In his "Goldberg Variations," to the complete Bach score, Jerome Robbins concludes most of his own variations with a flock of dancers rushing in from the wings as the dancers already there finish up. It's a nice touch, a little joke about the dance's tag-team structure, which works kind of like the camera in Richard Linklater's "Slacker," tracking one person (and story) around a corner only to take off after somebody else. Bach's variations don't point to a theme, as in the conventional theme-and-variations arrangement, so much as backwards and forwards to one another, and Robbins aims to do the same.

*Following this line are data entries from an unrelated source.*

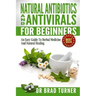 Natural Antibiotics And Antivirals For Beginners: An Easy Guide To Herbal Medicine And Natural Healing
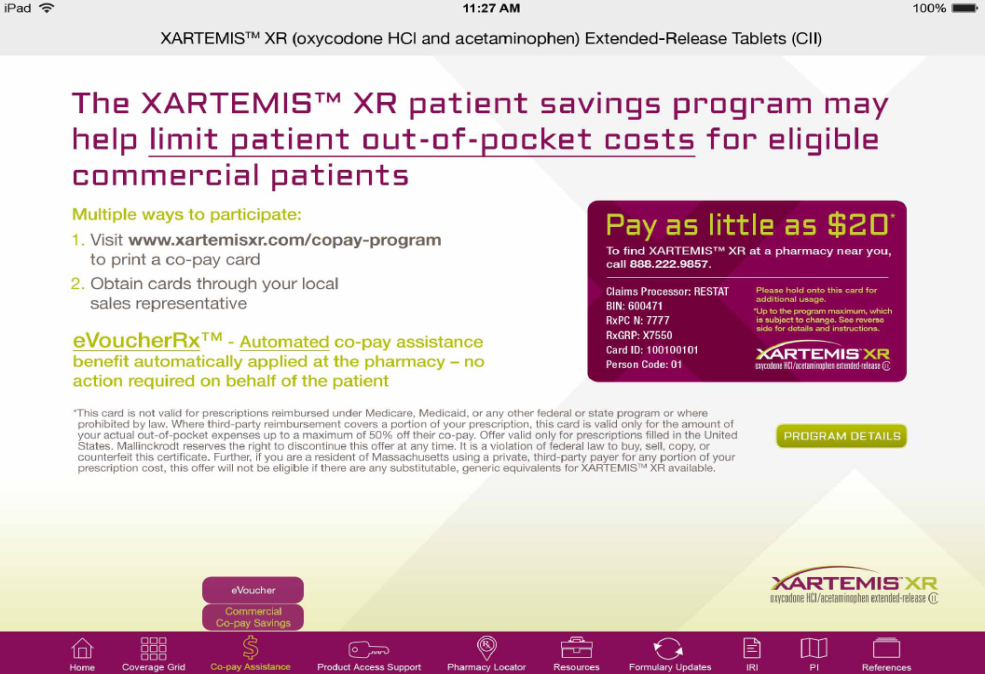 A screenshot of an advertisement for the XARTEMIS® XR patient savings program. The advertisement is promoting the program and encourages people to help limit patient out-of-pocket costs for eligible commercial patients. <br /><br />At the top of the advertisement there is a text that reads "XARTEMISM® Xu (oxycodone HCI and acetaminophen Extended-Release Tablets (CII)". Below the text there are two buttons - "Pay as little as $20" and "Program Details".<br /><br />The first button is for the program which is a purple card with a white background and black text. The text is written in a modern font and is centered on the page. The second button is a white text box with a black text box that says "Multiple ways to participate: 1. Visit www.xartemis.com/copy-program 2. Obtain cards through your local sales representative". The third button is an image of a credit card with the text "VoucherXR - Automated co-pay assistance benefit automatically applied at the pharmacy - no action required on behalf of the patient".<br /> <br />At bottom of the image there has a purple banner with the company's logo and contact information. The overall design is simple and modern with a clean and professional look.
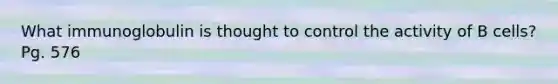What immunoglobulin is thought to control the activity of B cells? Pg. 576
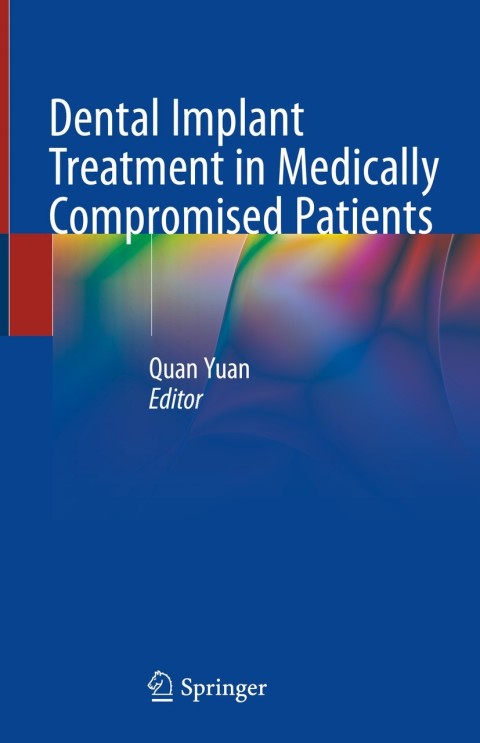Cover image for book Dental Implant Treatment in Medically Compromised Patients
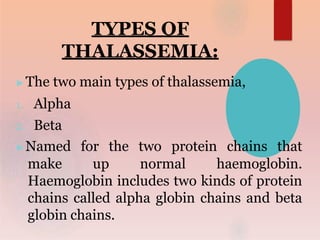 TYPES OF
THALASSEMIA:
▶The two main types of thalassemia,
1. Alpha
2. Beta
▶Named for the two protein chains that
make up normal haemoglobin.
Haemoglobin includes two kinds of protein
chains called alpha globin chains and beta
globin chains.
 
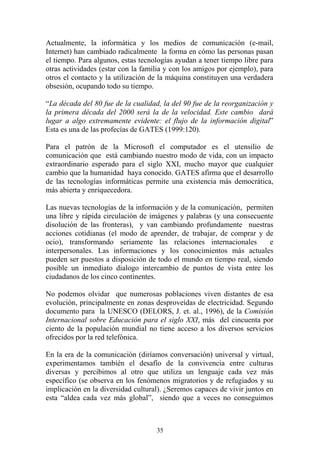 35
Actualmente, la informática y los medios de comunicación (e-mail,
Internet) han cambiado radicalmente la forma en cómo las personas pasan
el tiempo. Para algunos, estas tecnologías ayudan a tener tiempo libre para
otras actividades (estar con la familia y con los amigos por ejemplo), para
otros el contacto y la utilización de la máquina constituyen una verdadera
obsesión, ocupando todo su tiempo.
“La década del 80 fue de la cualidad, la del 90 fue de la reorganización y
la primera década del 2000 será la de la velocidad. Este cambio dará
lugar a algo extremamente evidente: el flujo de la información digital”
Esta es una de las profecías de GATES (1999:120).
Para el patrón de la Microsoft el computador es el utensilio de
comunicación que está cambiando nuestro modo de vida, con un impacto
extraordinario esperado para el siglo XXI, mucho mayor que cualquier
cambio que la humanidad haya conocido. GATES afirma que el desarrollo
de las tecnologías informáticas permite una existencia más democrática,
más abierta y enriquecedora.
Las nuevas tecnologías de la información y de la comunicación, permiten
una libre y rápida circulación de imágenes y palabras (y una consecuente
disolución de las fronteras), y van cambiando profundamente nuestras
acciones cotidianas (el modo de aprender, de trabajar, de comprar y de
ocio), transformando seriamente las relaciones internacionales e
interpersonales. Las informaciones y los conocimientos más actuales
pueden ser puestos a disposición de todo el mundo en tiempo real, siendo
posible un inmediato dialogo intercambio de puntos de vista entre los
ciudadanos de los cinco continentes.
No podemos olvidar que numerosas poblaciones viven distantes de esa
evolución, principalmente en zonas desproveídas de electricidad. Segundo
documento para la UNESCO (DELORS, J. et. al., 1996), de la Comisión
Internacional sobre Educación para el siglo XXI, más del cincuenta por
ciento de la populación mundial no tiene acceso a los diversos servicios
ofrecidos por la red telefónica.
En la era de la comunicación (diríamos conversación) universal y virtual,
experimentamos también el desafío de la convivencia entre culturas
diversas y percibimos al otro que utiliza un lenguaje cada vez más
específico (se observa en los fenómenos migratorios y de refugiados y su
implicación en la diversidad cultural). ¿Seremos capaces de vivir juntos en
esta “aldea cada vez más global”, siendo que a veces no conseguimos
 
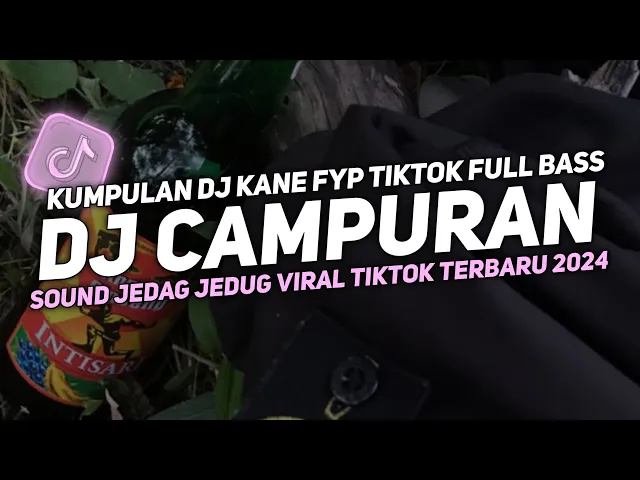 Download MP3 DJ CAMPURAN VIRAL TIK TOK 2024 JEDAG JEDUG FULL BASS TERBARU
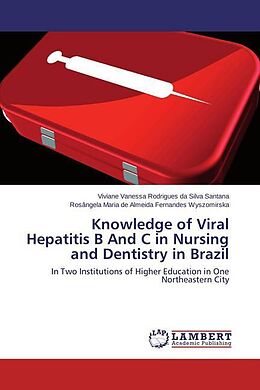 Kartonierter Einband Knowledge of Viral Hepatitis B And C in Brazil von Viviane Vanessa Rodrigues da Silva Santana, Rosângela Maria de Almeida Fernandes Wyszomirska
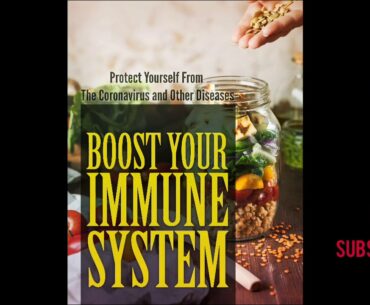 Boost your immune System protect Yourself From the coronavirus and other diseases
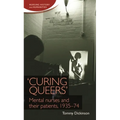 'Curing Queers': Mental Nurses and Their Patients, 1935-74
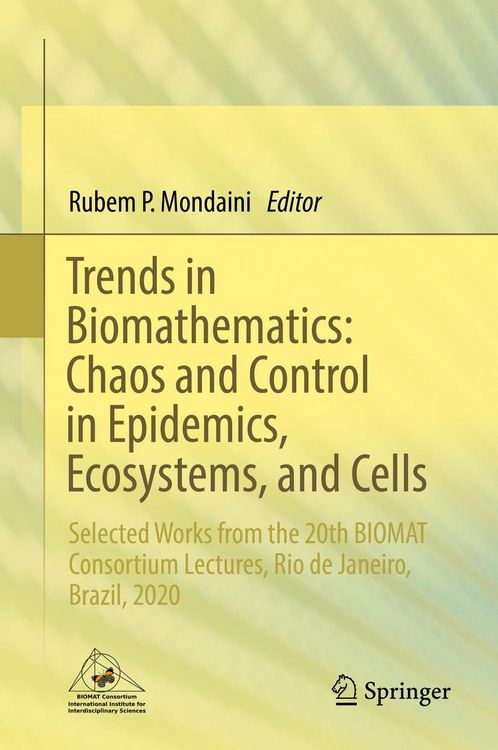 Produktbild: Trends in Biomathematics: Chaos and Control in Epidemics, Ecosystems, and Cells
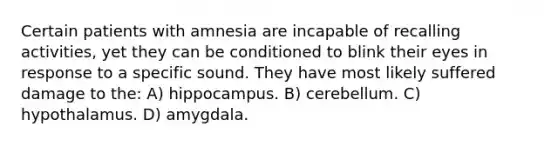 Certain patients with amnesia are incapable of recalling activities, yet they can be conditioned to blink their eyes in response to a specific sound. They have most likely suffered damage to the: A) hippocampus. B) cerebellum. C) hypothalamus. D) amygdala.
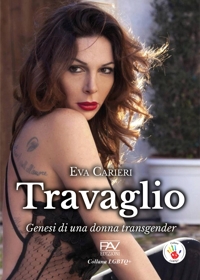 Immagine copertina libro Travaglio. Genesi di una donna transgender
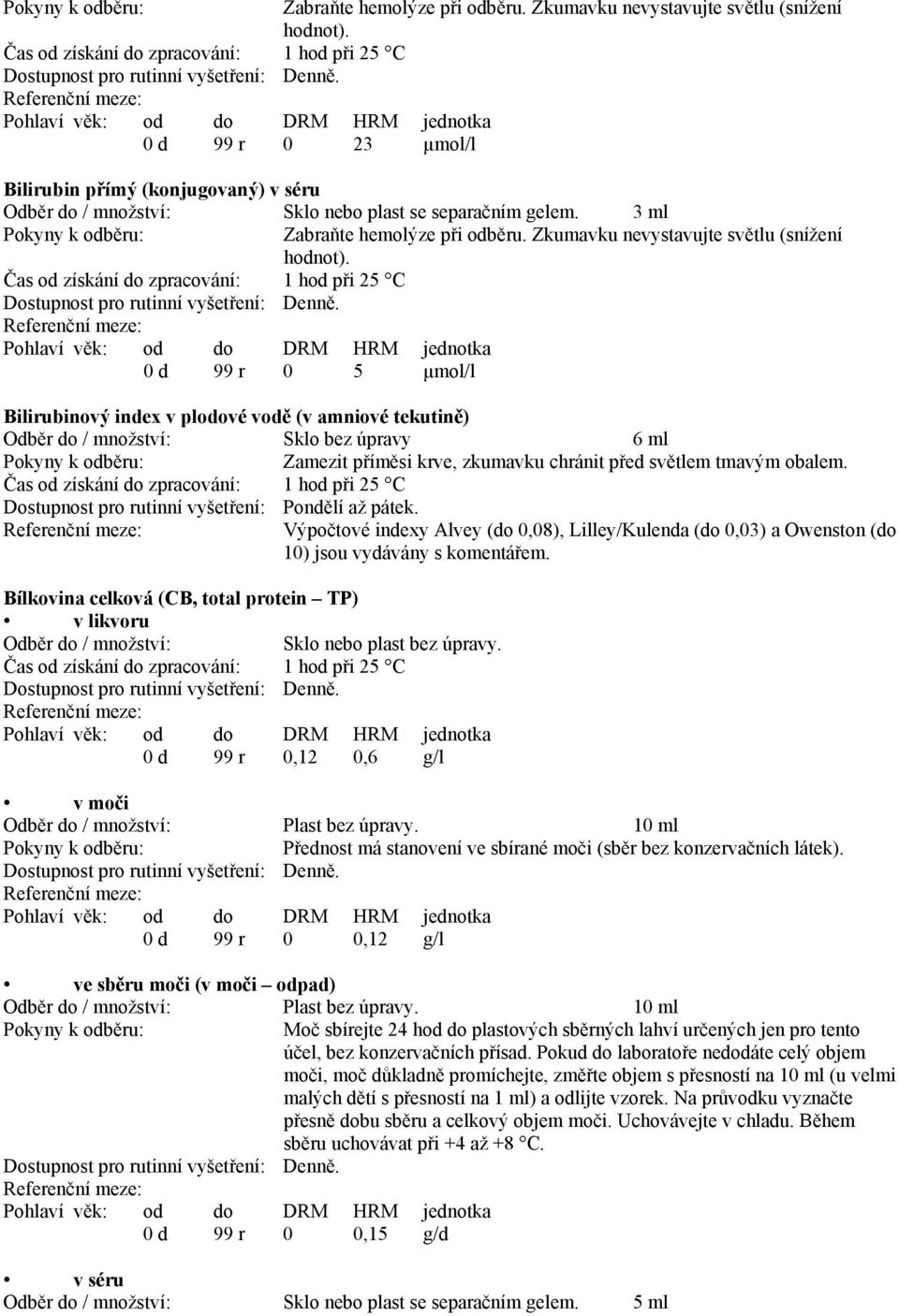 Výpočtové indexy Alvey (do 0,08), Lilley/Kulenda (do 0,03) a Owenston (do 10) jsou vydávány s komentářem. Bílkovina celková (CB, total protein TP) v likvoru Sklo nebo plast bez úpravy.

Depending on your point of view, the result is ballet ad nauseum or ballet ad infinitum. Critics have been divided on this question since the dance's debut in 1971. Arlene Croce dubbed the New York City Ballet work "ninety minutes of hard labor"; other critics, including me, have experienced it as waves on waves of delicious invention. When the performance is good, each time the dancers arrive from the wings I am excited--and grateful--for more. Only the middle of "The Goldberg Variations" sags.
But the piece's power to sustain attention and delight depends on the dancers knowing how to fill the space--front and back. In recognition of Bach's architectural splendor, the choreographic configurations--circles inside of circles, folk dance lines, zigzags, and many walking formations--count for at least as much as the individual steps. Negative space is especially charged. In one number, a group advances from the wing upstage while another faces them as they walk backwards into the opposite wing downstage. The dancers may move almost as casually as people on the street, but the courtliness of the occasion is palpable: the regal advance, the gracious retreat, and the electricity of the space between.
Except for the three romantic pas de deux in the dance's second half, the steps are plain throughout. But for plain not to devolve into meager or dull--for the movement to animate the space as Bach has animated time in linking past variation to future--the dancers need to relinquish the customary forward pitch of the body that Balanchinean speed demands and feel their backs from crown to foot: the heel's pressure against the floor, the flex of the haunches, the expansive shallow in the upper back, the tautness of the stalk of neck.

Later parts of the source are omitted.